-- EXERCISE BRIEF --
Copy the records that follow exactly as written, but not their pictures.

-- EXTRACTED ENTRIES --
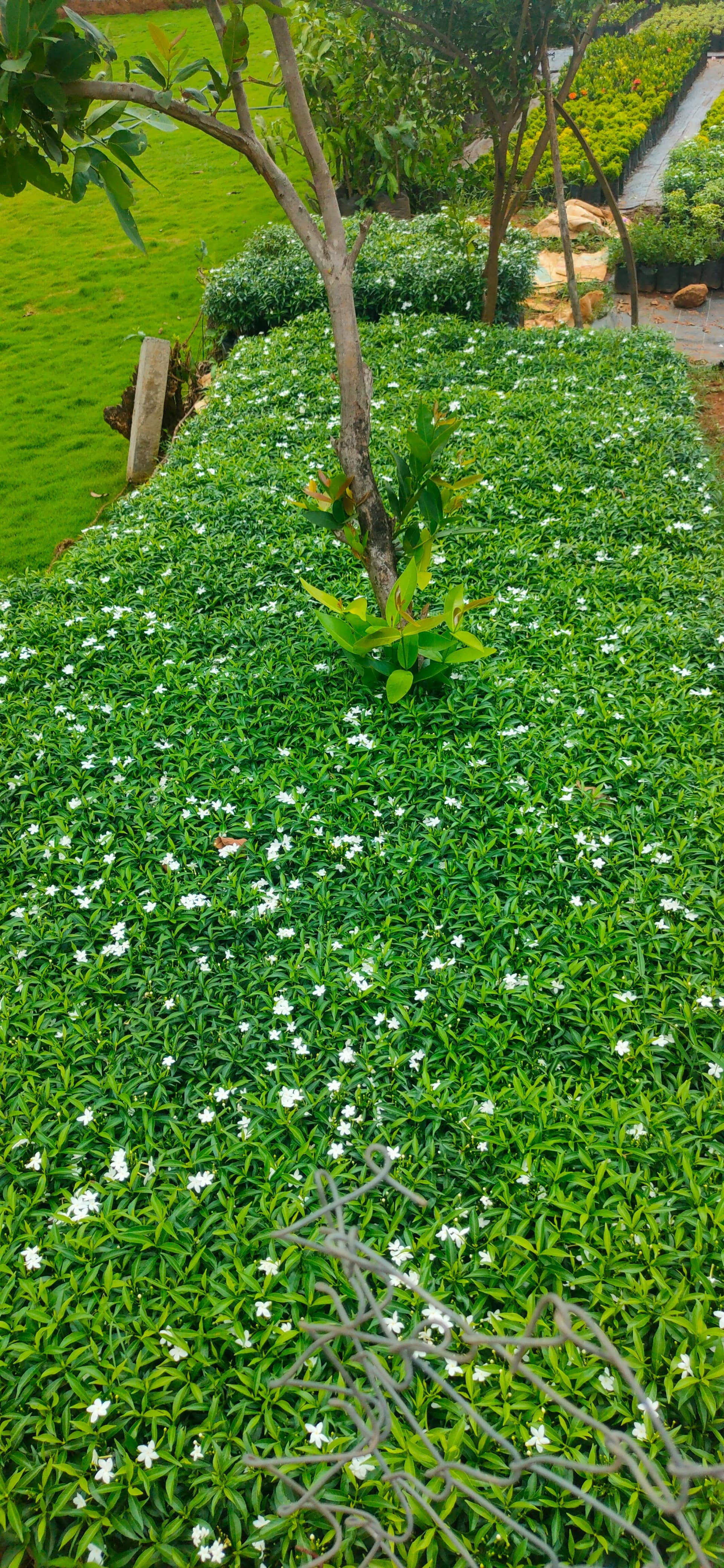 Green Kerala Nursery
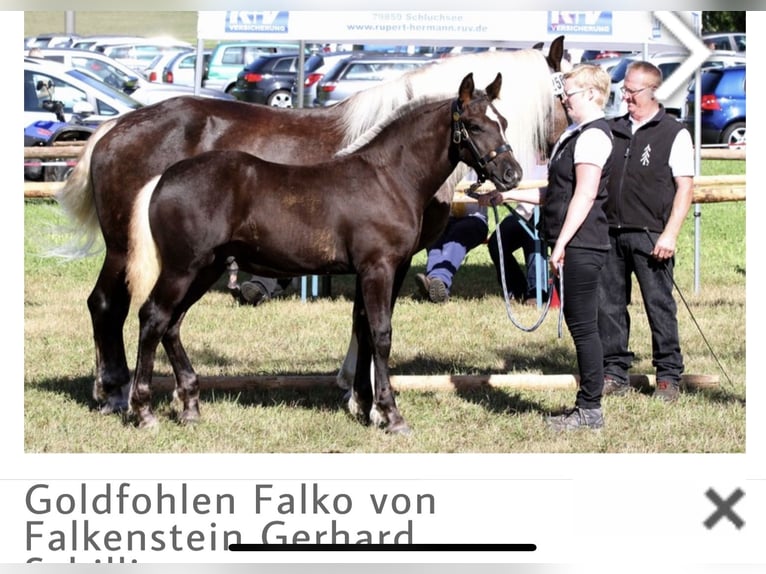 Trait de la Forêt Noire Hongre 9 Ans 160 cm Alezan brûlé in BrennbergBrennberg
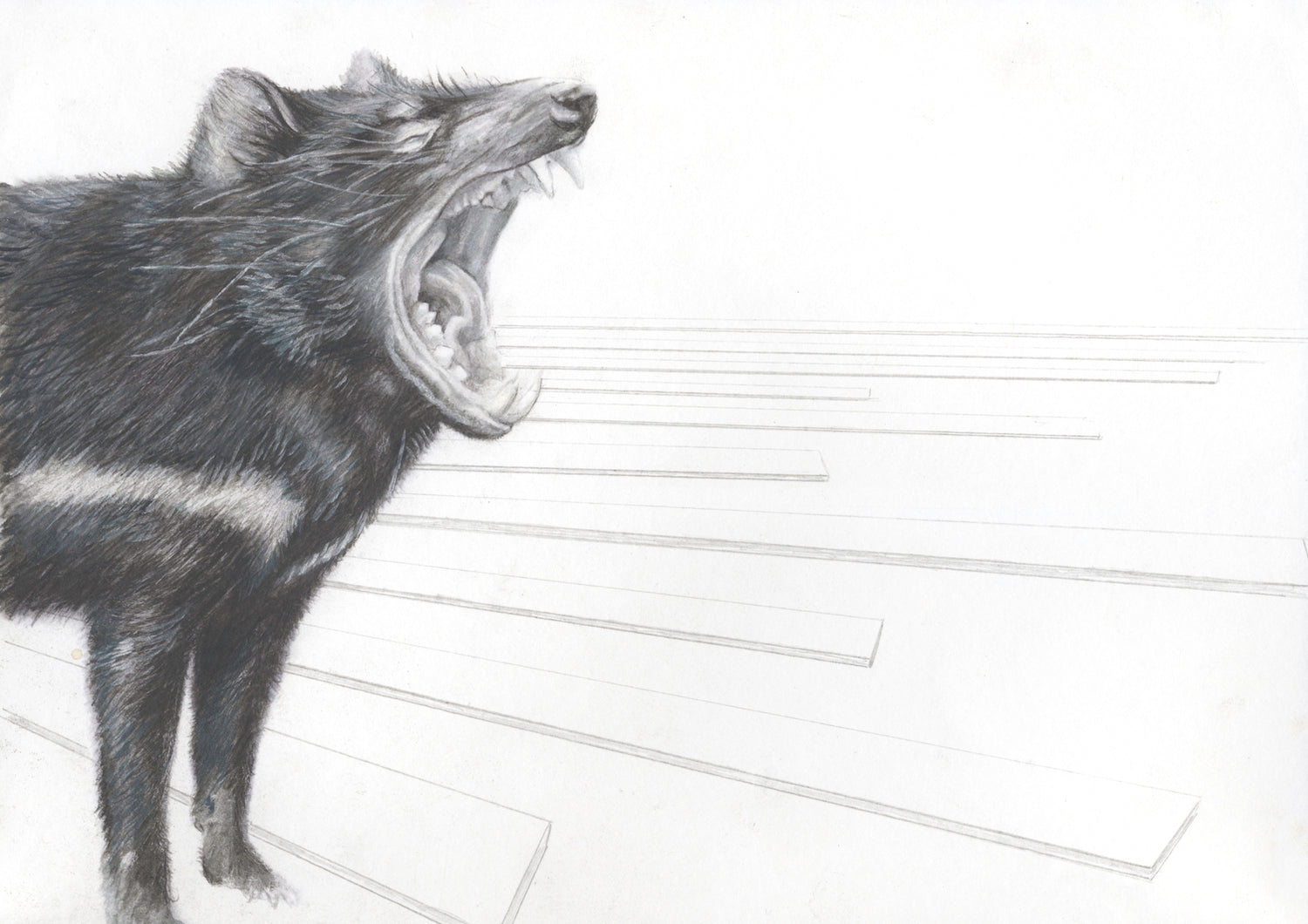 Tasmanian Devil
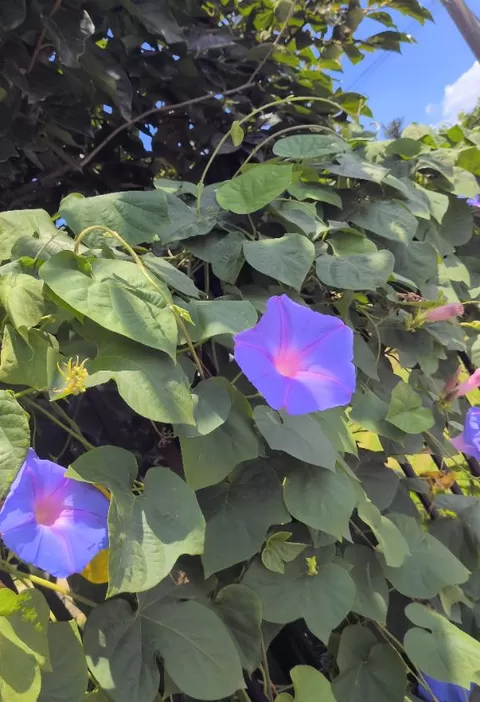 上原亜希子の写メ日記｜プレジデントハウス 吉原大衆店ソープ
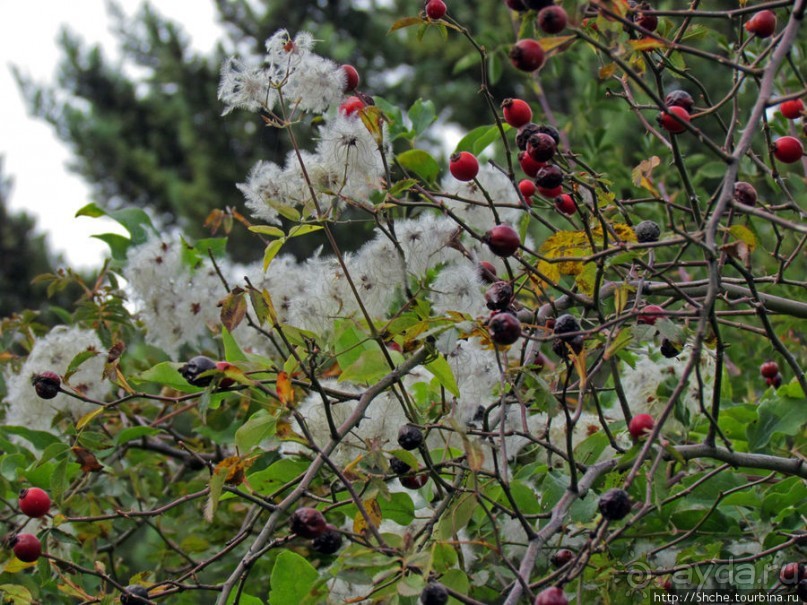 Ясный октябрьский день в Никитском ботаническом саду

-- RESULT OF THE TASK --
 Green Kerala Nursery
 Trait de la Forêt Noire Hongre 9 Ans 160 cm Alezan brûlé in BrennbergBrennberg
 Tasmanian Devil
 上原亜希子の写メ日記｜プレジデントハウス 吉原大衆店ソープ
 Ясный октябрьский день в Никитском ботаническом саду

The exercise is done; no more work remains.